Co-founder of the Mercer Law School Second Amendment Society and fan of freedom at home and abroad. Admirer of Thomas Jefferson, James Madison, and Ronald Reagan. Detester of political correctness and the false dogma it imposes. Not entirely as vain as this profile sounds.

Friday, April 08, 2005

Collective Rights Logic Refuted Part 1

The collective rights interpretation of the 2nd Amendment says that the amendment grants the states the right to maintain militias. It denies the right of individuals to own arms. Sometimes collective rights theorists discuss the right of individuals to bear arms in connection with a state run militia. Since there aren't too many of those running around, we know what kind of "right" that creates.
Lets look at one version of the collective rights theory: the 2nd Amendment grants states the right to maintain militias, not individuals the right to own arms.
Fine, well, doesn't the Constitution talk about state militias? It does!
Why would the drafters of the Constitution write provisions into that document allowing the states the maintain militias and then later, when they come up with 10 extra special rules to go along with the Constitution, make rule #2 a redundant provision?
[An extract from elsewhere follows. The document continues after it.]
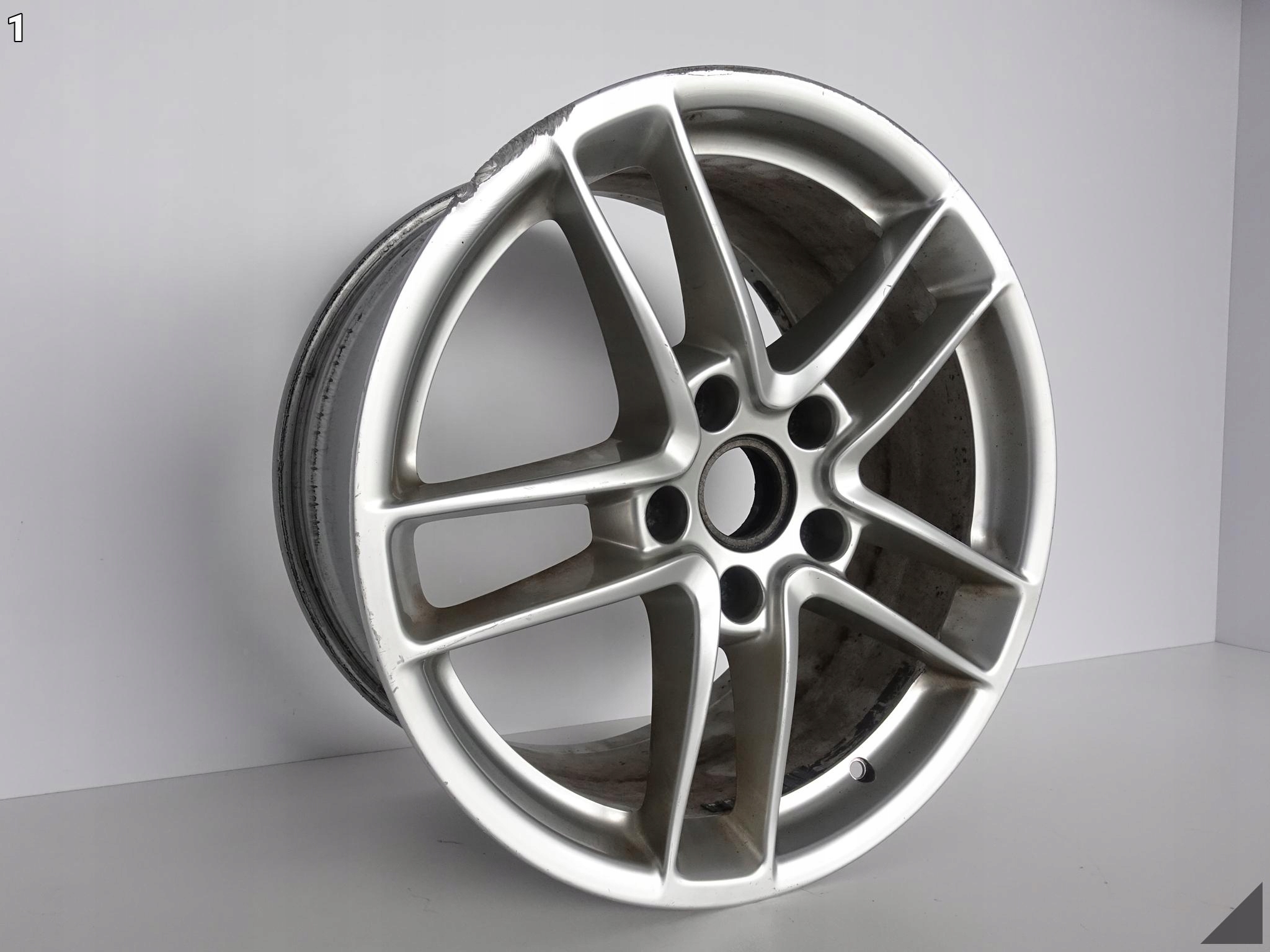 PORSCHE PANAMERA 970 TURBO II disk 10JX19 ET61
Good question.
Why would the drafters of the Bill of Rights place in the #2 spot in that document an amendment that means nothing to individuals, surrounded by other amendments that apply to individuals?
Yes, it is true the 10th Amendment reserves rights to the states (and the people), but the 2nd Amendment refers to "the people." Why would the drafters write "the people" when they meant states?
No matter how many word games you play with "militia" and "people" and "arms," the collective rights interpretation still renders an entire amendment to the Constitution null and void. Probably not what the founders had in mind...

Think Free, Live Free


Anonymous Anonymous said...

I agree, with a qualification. The Second Amendment does permit individuals to own arms. However, I think you may be incorrect regarding the purpose for those arms. In one essay, you laud the fact that Ohioans can now carry small arms for personal safety against criminals. The Bill of Rights does not touch on interpersonal relationships. It only deals with government to person. Thus, the Second Amendment has no applicability to such a scenario.

4:26 PM  
Blogger Christopher A. George said...

However, in Dred Scott, the court writes that if blacks had the rights of true citizens, they would be able to "keep and carry arms wherever they went." It is true that the Bill of Rights doesn't touch on individual relationships. But "permission" to carry a weapon for self defense is governed in most contries by the individual's relationship to his government, not potential attackers.